I’m grateful for having received a lot of empathy, encouragement, good advice, and reassurance that I’m in plenty of good company, after my post on A Pain in the Butt and Other Life Lessons. Thank-you!
Now, I thought an update would be in order. This caveat still stands: anything I (simply a patient) mention here or in the previous post is for information only. For yourself, check with your healthcare provider to gear to your own situation. Everyone is different!
Since I’m different too, I’d better add another caveat to this post. Warning: Limericks Ahead!

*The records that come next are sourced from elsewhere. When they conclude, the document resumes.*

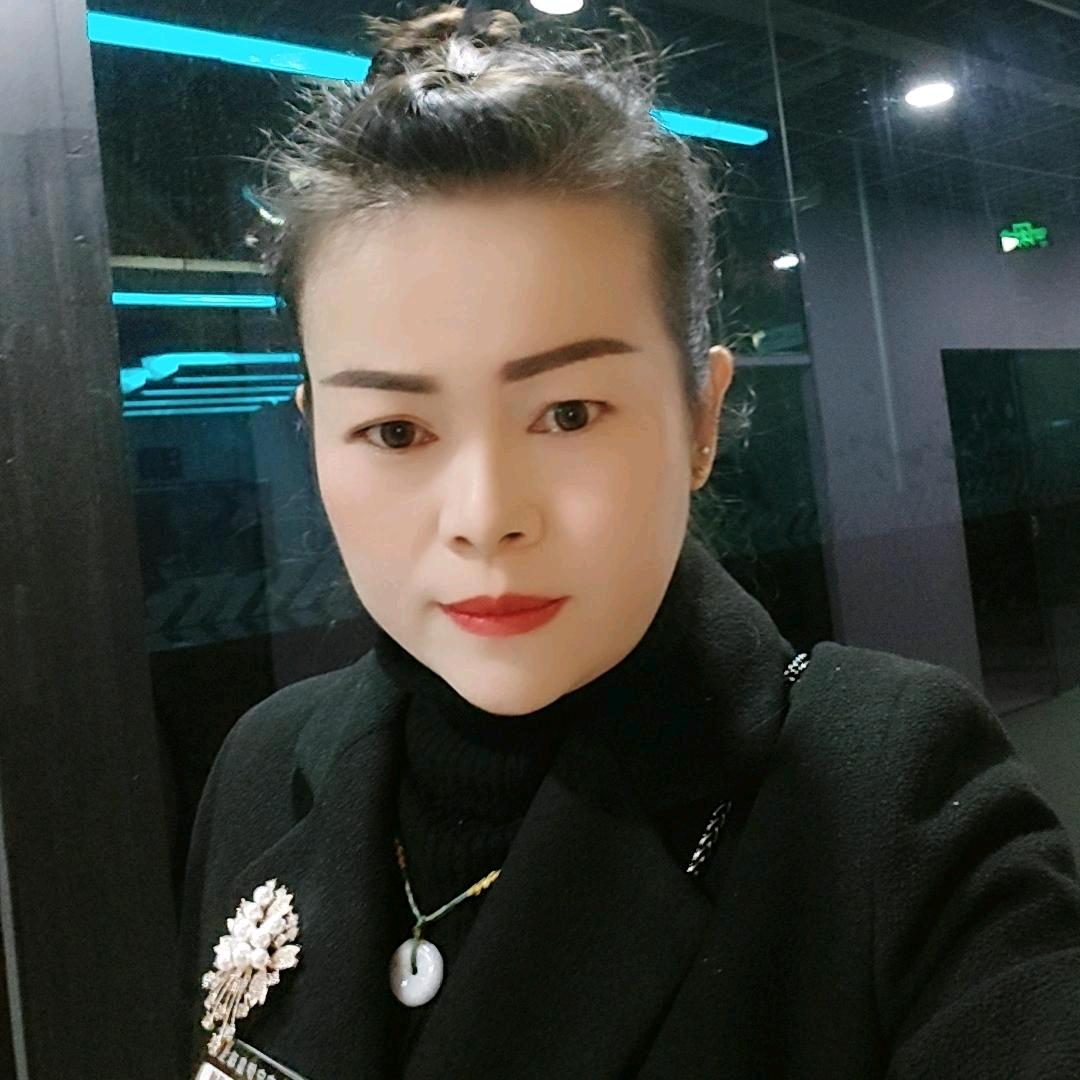 @娟娟好物分享🌸《橱窗营业中》每天更新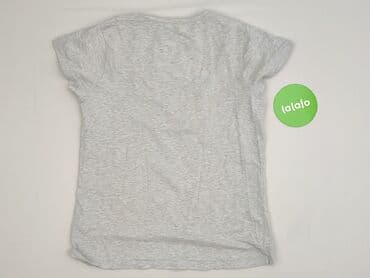 koszulki z kotami damskie: CENSORED, T-shirt damski, rozmiar M — 3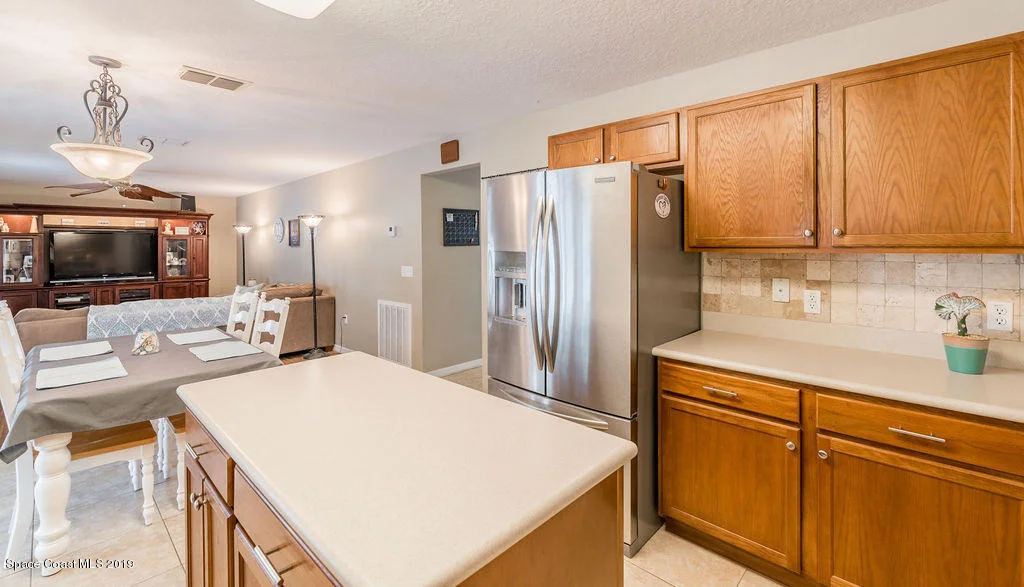 Photo of 2338 Maeve Circle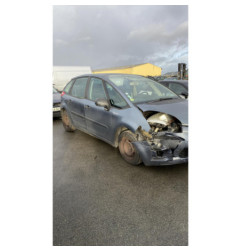 Demarreur CITROEN C4 PICASSO 1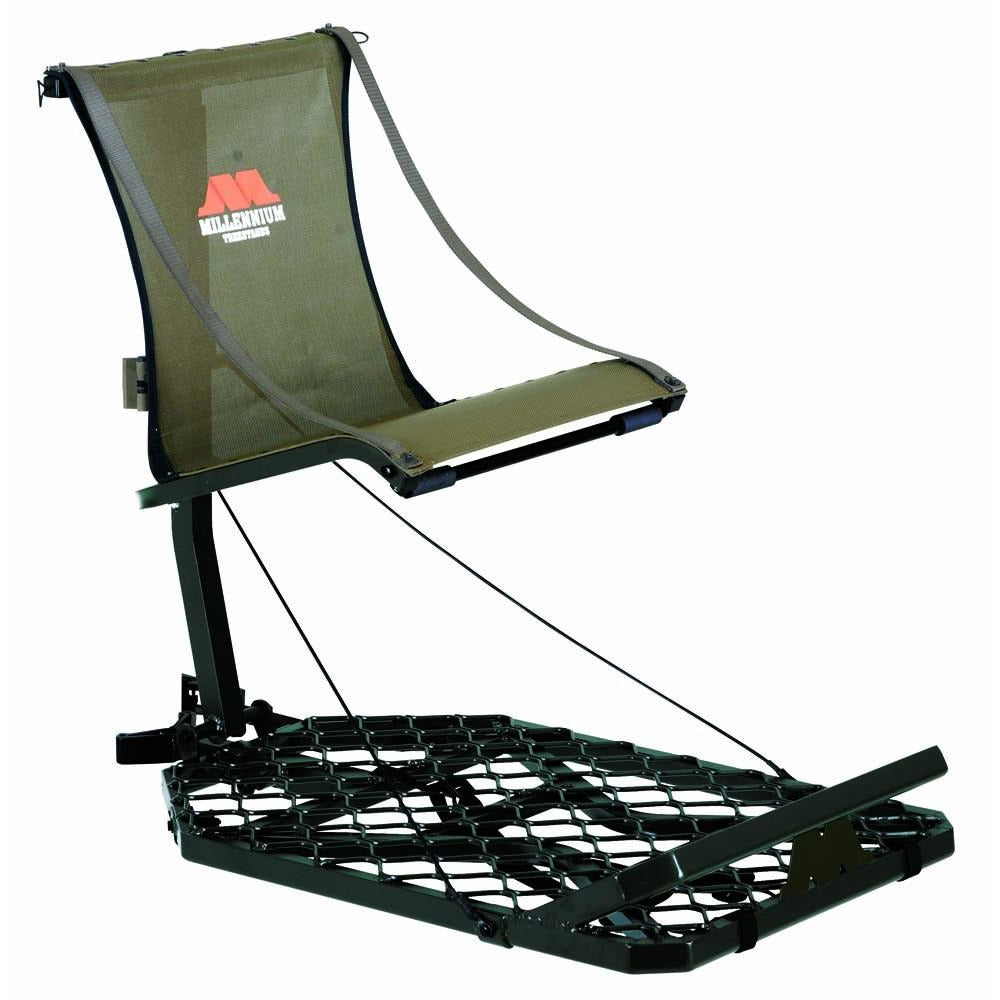 Millennium - M150 Monster Hang-On Treestand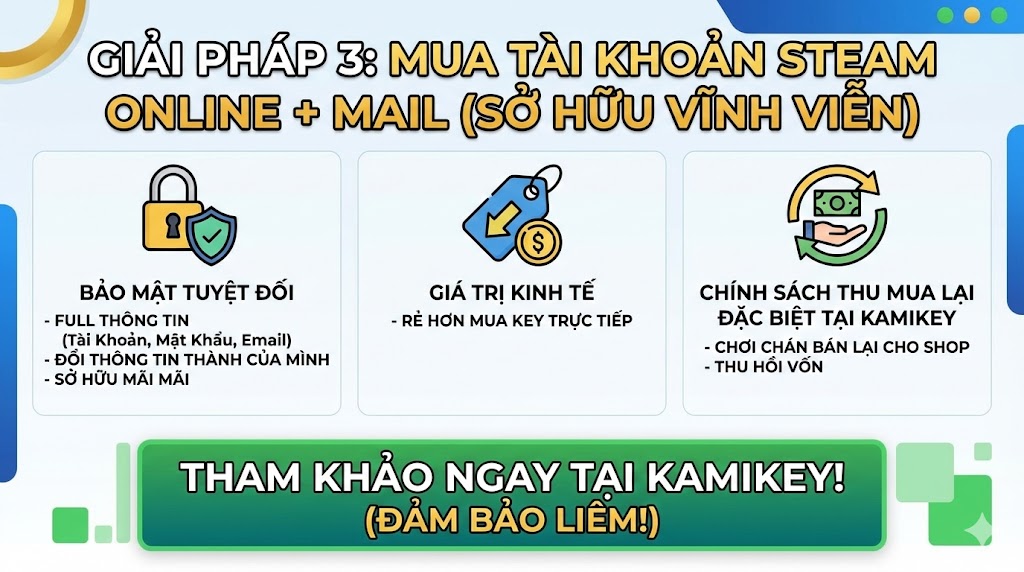 mua tai khoan black myth wukong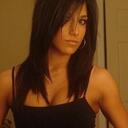 Danielle Palumbo - @danielleleep - Twitter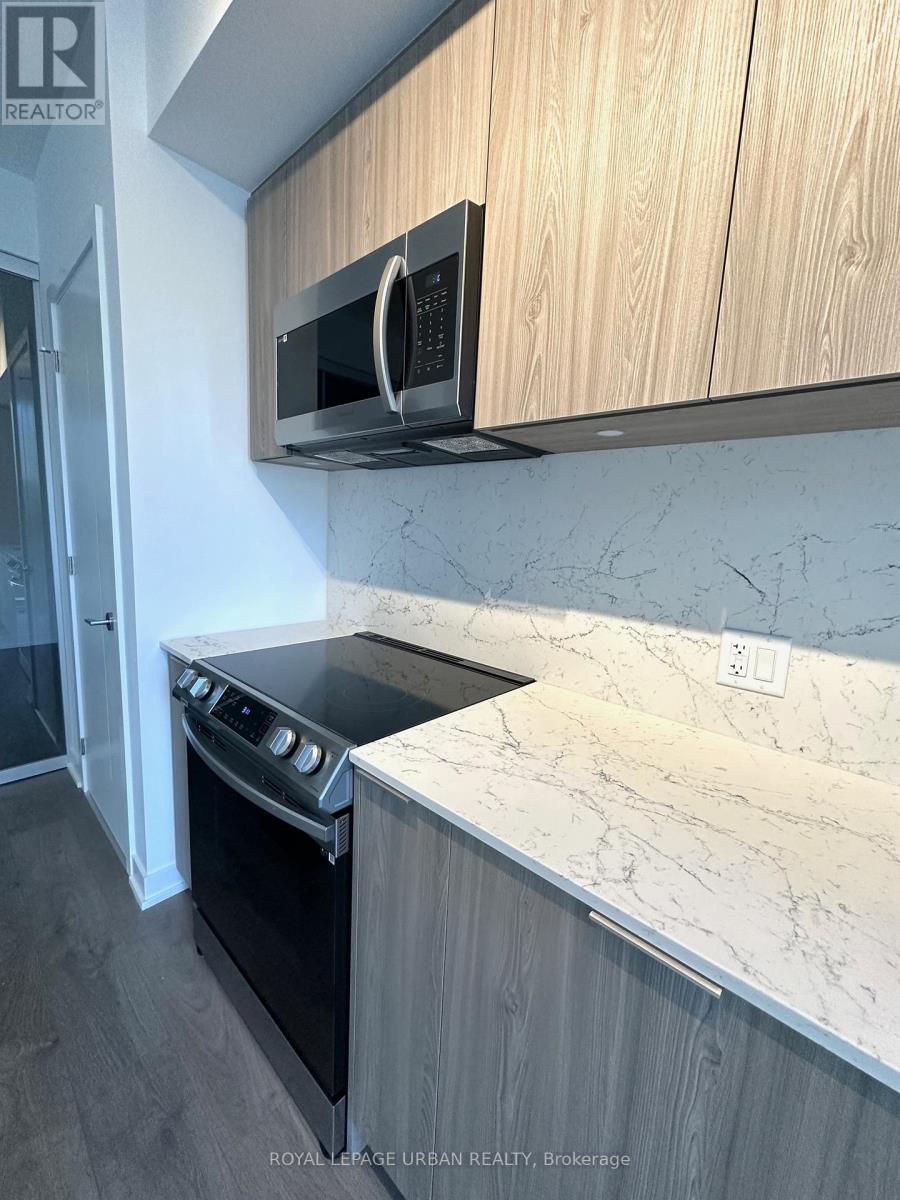 2306 - 357 King Street W, Toronto, Ontario  M5V 0S7 - Photo 16 - C13083734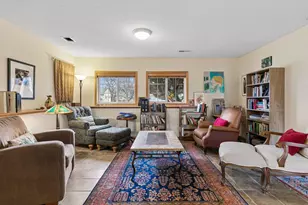 355 Parkview Ln S, Maplewood, MN 55119 - Photo 29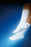 BSN Medical Mini Crew SensiFoot Support Sock - Jobst SensiFoot Crew Socks, White, Size XS - 110875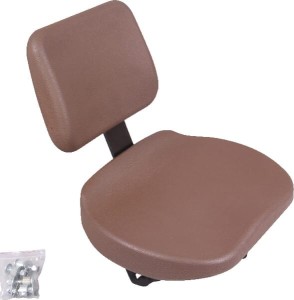 Fotel pasażera TS80000GP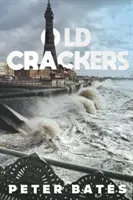 Staré krekry - Old Crackers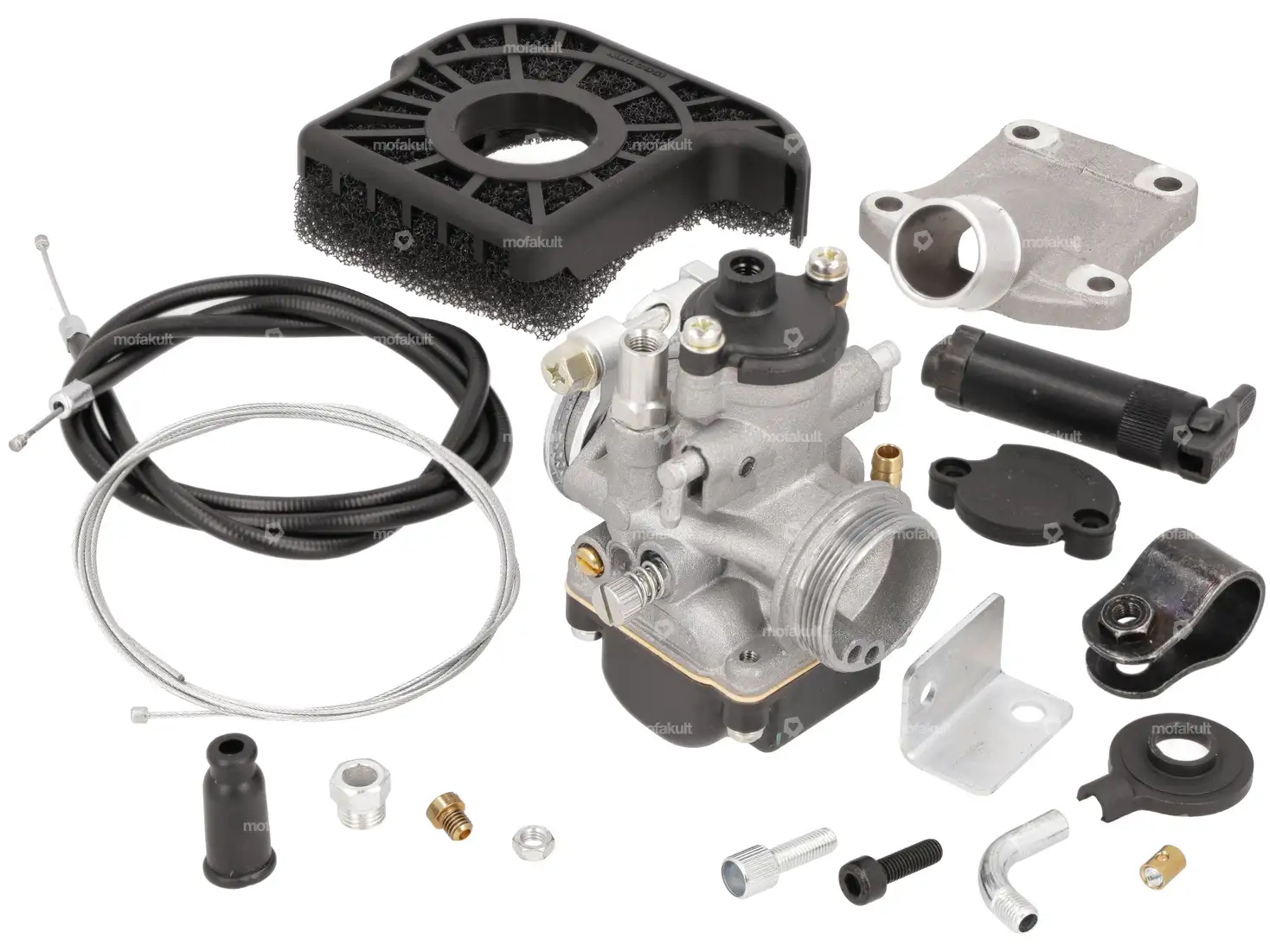 312377-5d2677e6f994ba194c3d3bc49caf-1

This rhyming, inane, in my brain
When my nether parts wallow in pain
Has one main attraction:
From feeling I’ve derailed my train!
My Saga of Pains in the Butt
I’ll soon be out of this rut,
And gladly abstaining
From whining, complaining.
But, wait! Let me tell you what’s what:
Step One, Acupuncture, was chief.
I’m glad apprehension was brief
As I lay there, inverted,
With needles inserted
In muscle knots.– Oh, what relief!
Later, in surfing the internet for more information about sciatica treatments, I discovered that some people find relief with botox injections. Botox? Really? There? Sorry, then I just couldn’t help myself:
While faces with wrinkles and creaks
Regain Classical Beauty of Greeks
With botox injected,
This I have neglected.–
And now, would I smooth other cheeks??
Seriously, and with heartfelt thanks for a helpful, hot tip from blogger Holistic Wayfarer:
A kind blogger offered advice:
Try Castor Oil Patches, at least thrice,
Wrapped in towels and heat.
(Ah, this home-spa is sweet!)
Check this link for instructions precise!
To carry this on I’m quite keen,
Feeling better than lately I’ve been.
With music and book,
In a warm, cozy nook,
I’m becoming a well-oiled machine!
In this eye-opening article, My Back talks Back, blogger Joyful2bee gives erudite insights from personal experiences about back pain and (yikes!) aging. Since that last concept affects most of us sooner or later, this is a worthwhile read!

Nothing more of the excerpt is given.